Lors du 50e congrès du DLR, Marc Halevy, physicien et philosophe, a donné une conférence pour partager son analyse sur les transformations que nous vivons. Nous partageons ici notre analyse de ses propos. Derrière le désordre apparent, existe-t-il une logique dans la transformation du monde qui nous entoure ? Il semble que les turbulences masquent une logique…
En effet, nous faisons face à des défis que l’on peut résumer sous la forme de 5 ruptures.
1 – Une rupture écologique : de l’abondance à la pénurie
Les modèles économiques en place datent pour l’essentiel de la révolution industrielle des 18e et 19e siècles. Associées à de nouvelles règles d’hygiène, elles ont permis une croissance démographique exponentielle. Rappelons que l’économie capitaliste est la rencontre entre une offre et une demande. Plus il y a de besoins plus il y a de demande. Plus il y a de ressources, plus il y a d’offres possibles.
Or, des études récentes montrent que la capacité de ressources renouvelables ne permet de faire vivre que 1,5 à 2 milliards d’individus, quand les prévisions annoncent une population de 9 milliards d’individus en 2050… Certes, il y a encore des ressources non renouvelables qui permettent de répondre à la demande, mais pour un temps forcément limité.
Comment les ressources non renouvelables se raréfient ? A grande vitesse car, selon les principes de la thermodynamique, pour transformer des matières premières, il faut détruire beaucoup plus qu’on ne produit (car le rendement est toujours inférieur à 1). Et nous allons des ressources les plus facilement accessibles aux ressources les plus difficilement accessibles, ce qui consomme et consommera de plus en plus de ressources.
Nous devons donc faire face à un problème qui n’est pas l’épuisement des ressources mais leur inaccessibilité grandissante.
- Nombre d’économistes parlent de relancer la croissance. Plus la croissance implique une relance de la demande, de la consommation. Pour répondre à cette demande, il faut utiliser plus de ressources, ce qui accélère obligatoirement la pénurie des ressources. Il faut donc se libérer de l’hyperconsommation face à la pénurie des ressources. Et rentrer dans une logique économique de la frugalité, moins mais mieux. Faire des économies et augmenter la qualité en tout. C’est une véritable source de progrès. Travailler moins mais mieux intéresse tout le monde. Pour y parvenir, il nous faut plus de virtuosité pour nous concentrer sur ce qui produit de la valeur.

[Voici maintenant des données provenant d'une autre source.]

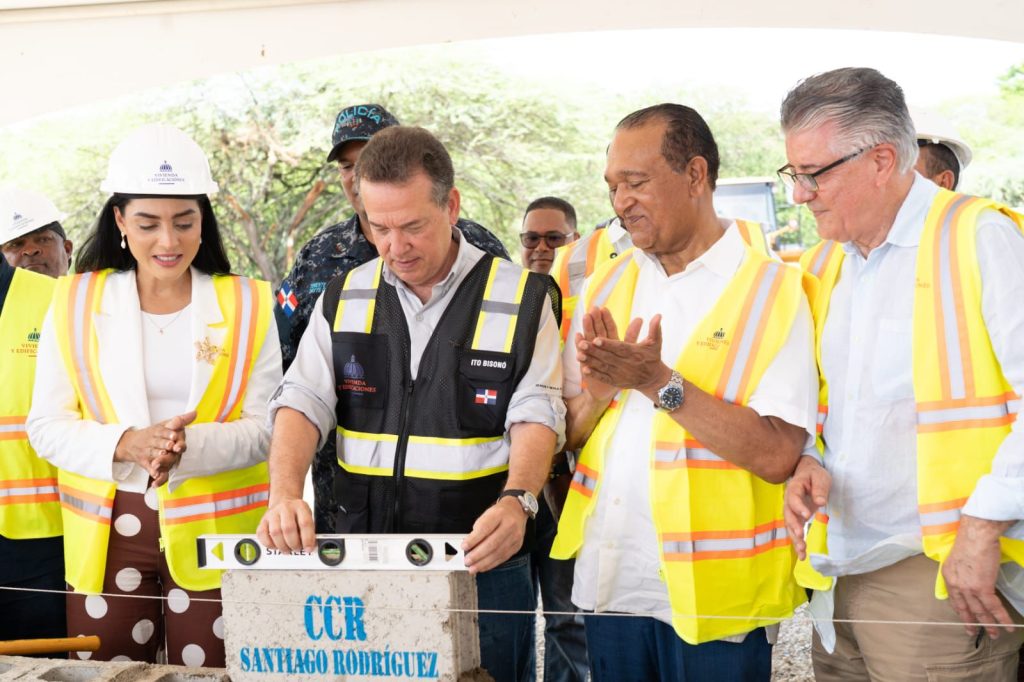 Ministro Ito Bisonó deja iniciados trabajos de construcción del nuevo Centro de Corrección y Rehabilitación Santiago Rodríguez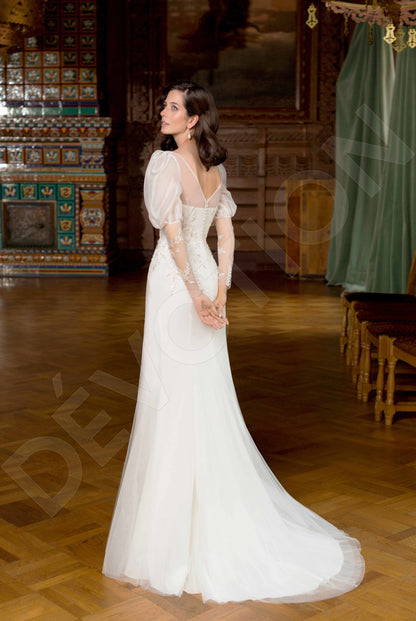 Maily Trumpet/Mermaid Deep V-Neck Off White Wedding dress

2 – La rupture numérique : l’avènement de l’immatériel
La révolution numérique n’est pas neutre sur la configuration cérébrale des hommes et des femmes. La grille de lecture du monde a changé. Les technologies dépassent largement nos capacités humaines, ce qui nous contraint à développer des méthodologies, des modes d’emploi adaptés à chaque application.
Le numérique est accompagné par un taux élevé de déculturation : en France, il y a 21% d’illettrés. Et il s’accompagne du triomphe de l’audiovisuel, donc du cerveau passif, de réception de messages sans interprétation, sans esprit critique.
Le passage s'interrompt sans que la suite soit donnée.